Items listed in a dataset
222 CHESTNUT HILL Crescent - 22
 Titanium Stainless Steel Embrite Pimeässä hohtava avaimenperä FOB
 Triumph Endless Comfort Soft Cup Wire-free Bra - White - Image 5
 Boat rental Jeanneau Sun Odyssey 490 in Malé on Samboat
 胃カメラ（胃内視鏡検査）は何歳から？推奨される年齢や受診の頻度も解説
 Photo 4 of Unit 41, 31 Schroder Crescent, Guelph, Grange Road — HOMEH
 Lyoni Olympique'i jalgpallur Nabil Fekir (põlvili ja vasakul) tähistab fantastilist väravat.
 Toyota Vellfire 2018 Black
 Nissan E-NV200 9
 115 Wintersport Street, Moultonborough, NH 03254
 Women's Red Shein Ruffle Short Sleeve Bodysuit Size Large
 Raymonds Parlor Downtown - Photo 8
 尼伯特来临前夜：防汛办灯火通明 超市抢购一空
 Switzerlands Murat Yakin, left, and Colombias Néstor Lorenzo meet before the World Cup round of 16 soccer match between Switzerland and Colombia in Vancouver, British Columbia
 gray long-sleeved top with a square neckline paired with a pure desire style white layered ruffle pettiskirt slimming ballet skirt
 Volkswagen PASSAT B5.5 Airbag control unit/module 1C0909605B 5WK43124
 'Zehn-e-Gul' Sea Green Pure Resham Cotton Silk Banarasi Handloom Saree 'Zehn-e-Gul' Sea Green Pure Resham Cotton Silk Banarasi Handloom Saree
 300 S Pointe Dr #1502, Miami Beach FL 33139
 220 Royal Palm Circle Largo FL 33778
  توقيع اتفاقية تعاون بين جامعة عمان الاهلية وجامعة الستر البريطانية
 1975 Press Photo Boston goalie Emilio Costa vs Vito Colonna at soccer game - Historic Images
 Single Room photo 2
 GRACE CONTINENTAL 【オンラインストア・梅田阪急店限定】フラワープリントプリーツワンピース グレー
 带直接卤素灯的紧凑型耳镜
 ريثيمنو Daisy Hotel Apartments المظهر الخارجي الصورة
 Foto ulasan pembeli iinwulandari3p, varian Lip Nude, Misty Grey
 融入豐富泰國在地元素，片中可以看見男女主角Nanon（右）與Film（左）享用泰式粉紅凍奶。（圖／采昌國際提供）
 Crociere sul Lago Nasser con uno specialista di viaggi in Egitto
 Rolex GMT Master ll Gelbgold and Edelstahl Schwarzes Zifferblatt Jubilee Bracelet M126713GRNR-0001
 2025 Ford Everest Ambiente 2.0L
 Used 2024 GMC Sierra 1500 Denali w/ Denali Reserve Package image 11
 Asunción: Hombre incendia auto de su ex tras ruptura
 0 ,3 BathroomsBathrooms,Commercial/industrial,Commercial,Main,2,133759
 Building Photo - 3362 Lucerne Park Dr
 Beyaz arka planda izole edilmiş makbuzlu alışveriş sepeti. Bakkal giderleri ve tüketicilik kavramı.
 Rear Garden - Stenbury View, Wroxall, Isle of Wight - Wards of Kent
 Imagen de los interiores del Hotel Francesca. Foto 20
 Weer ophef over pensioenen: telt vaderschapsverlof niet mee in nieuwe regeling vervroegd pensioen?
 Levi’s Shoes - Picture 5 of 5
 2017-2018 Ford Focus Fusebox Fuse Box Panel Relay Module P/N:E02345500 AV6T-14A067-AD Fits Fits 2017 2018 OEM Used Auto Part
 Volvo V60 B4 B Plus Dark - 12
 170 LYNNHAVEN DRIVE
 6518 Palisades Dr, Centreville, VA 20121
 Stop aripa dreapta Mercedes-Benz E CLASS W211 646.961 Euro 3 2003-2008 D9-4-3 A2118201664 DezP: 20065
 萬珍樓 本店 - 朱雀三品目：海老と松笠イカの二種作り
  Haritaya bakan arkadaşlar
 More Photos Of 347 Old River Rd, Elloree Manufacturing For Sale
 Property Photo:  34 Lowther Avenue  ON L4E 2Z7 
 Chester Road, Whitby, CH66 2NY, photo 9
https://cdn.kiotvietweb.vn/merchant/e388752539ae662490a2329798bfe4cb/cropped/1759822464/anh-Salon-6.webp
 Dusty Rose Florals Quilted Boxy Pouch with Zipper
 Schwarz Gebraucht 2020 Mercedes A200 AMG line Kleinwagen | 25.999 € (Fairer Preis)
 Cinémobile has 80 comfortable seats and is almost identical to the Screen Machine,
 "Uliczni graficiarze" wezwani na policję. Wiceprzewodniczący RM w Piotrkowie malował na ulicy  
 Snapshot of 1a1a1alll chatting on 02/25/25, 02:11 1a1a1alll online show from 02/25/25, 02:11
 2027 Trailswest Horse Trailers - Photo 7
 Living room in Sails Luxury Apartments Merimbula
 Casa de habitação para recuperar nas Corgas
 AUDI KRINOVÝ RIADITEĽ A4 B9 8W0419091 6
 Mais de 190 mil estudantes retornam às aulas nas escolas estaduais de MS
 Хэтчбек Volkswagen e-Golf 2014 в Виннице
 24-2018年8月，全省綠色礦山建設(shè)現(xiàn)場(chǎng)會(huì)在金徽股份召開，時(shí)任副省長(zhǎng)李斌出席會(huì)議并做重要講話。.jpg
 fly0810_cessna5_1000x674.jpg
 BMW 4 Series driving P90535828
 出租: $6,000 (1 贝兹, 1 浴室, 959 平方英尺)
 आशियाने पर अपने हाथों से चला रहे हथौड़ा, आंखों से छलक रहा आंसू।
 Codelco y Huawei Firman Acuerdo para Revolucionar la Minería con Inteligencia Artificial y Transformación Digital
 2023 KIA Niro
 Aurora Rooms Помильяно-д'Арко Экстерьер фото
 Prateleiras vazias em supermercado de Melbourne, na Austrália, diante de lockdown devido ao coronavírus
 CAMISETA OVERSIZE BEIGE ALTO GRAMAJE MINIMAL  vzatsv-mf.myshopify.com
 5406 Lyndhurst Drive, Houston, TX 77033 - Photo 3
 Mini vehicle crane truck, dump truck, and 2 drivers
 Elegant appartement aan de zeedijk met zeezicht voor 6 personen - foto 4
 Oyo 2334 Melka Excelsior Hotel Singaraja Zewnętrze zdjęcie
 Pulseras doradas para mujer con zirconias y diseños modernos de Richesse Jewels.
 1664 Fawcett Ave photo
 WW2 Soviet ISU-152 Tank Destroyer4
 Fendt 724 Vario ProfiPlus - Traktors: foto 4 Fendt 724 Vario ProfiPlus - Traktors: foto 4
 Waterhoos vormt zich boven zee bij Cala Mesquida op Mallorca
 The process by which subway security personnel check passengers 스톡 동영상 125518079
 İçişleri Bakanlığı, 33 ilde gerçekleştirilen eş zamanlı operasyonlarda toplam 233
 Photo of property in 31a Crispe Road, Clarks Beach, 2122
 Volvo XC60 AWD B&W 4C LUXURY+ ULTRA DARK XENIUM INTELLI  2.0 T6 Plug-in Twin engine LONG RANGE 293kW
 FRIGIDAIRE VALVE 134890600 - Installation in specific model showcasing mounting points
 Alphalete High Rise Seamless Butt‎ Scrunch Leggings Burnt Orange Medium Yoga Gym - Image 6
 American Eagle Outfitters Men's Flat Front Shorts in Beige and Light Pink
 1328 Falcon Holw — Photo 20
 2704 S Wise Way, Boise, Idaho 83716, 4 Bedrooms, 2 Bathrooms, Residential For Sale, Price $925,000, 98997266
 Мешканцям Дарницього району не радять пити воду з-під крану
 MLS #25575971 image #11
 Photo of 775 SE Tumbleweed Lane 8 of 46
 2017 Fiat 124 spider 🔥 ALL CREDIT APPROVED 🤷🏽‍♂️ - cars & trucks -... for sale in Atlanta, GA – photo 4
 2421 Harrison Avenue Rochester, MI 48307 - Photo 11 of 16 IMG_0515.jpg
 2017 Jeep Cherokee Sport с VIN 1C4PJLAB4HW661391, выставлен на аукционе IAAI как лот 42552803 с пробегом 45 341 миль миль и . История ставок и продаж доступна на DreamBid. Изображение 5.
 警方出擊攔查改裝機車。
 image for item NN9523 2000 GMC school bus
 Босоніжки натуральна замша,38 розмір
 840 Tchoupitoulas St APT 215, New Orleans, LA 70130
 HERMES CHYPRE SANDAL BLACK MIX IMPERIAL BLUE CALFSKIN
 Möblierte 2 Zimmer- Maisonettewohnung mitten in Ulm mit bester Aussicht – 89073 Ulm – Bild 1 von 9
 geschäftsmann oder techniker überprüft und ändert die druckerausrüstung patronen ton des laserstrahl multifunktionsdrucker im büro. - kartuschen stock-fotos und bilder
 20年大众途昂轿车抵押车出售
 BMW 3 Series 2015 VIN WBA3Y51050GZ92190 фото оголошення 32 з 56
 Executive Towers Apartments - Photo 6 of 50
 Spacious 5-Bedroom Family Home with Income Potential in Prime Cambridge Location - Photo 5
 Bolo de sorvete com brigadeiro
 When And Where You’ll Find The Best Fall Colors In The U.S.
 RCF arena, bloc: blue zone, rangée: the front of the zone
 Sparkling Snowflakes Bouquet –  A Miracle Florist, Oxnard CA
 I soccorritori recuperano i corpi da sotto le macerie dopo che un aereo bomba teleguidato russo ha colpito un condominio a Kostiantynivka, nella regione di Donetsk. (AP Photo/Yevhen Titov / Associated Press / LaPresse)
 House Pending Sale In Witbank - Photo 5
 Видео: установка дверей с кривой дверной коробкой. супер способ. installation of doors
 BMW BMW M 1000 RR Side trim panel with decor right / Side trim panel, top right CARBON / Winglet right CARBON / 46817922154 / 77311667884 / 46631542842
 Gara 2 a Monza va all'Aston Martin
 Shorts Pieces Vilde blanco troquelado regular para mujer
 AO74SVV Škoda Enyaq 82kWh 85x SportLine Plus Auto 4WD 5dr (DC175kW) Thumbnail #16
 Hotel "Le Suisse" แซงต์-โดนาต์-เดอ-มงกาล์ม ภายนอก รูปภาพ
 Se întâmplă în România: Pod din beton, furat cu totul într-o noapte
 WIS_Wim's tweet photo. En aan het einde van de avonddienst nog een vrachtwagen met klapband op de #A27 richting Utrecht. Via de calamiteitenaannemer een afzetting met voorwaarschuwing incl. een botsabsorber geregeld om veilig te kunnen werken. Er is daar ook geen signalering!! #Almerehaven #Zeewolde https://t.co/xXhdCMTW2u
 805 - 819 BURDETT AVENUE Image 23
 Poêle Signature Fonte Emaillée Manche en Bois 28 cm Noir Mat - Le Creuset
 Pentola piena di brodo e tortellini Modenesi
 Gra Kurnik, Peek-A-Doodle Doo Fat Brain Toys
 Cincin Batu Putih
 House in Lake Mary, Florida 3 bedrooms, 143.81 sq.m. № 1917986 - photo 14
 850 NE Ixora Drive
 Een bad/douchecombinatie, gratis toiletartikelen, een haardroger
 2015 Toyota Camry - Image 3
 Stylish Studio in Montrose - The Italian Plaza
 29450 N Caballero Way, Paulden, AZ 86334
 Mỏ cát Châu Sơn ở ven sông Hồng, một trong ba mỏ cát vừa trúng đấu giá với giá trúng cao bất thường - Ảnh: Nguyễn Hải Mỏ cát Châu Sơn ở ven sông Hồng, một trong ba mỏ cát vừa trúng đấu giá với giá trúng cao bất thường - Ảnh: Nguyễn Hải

| Exercise details |
Tally up the lines holding the string "Press" in the data above, and respond with nothing but the number.

| Your solution |
2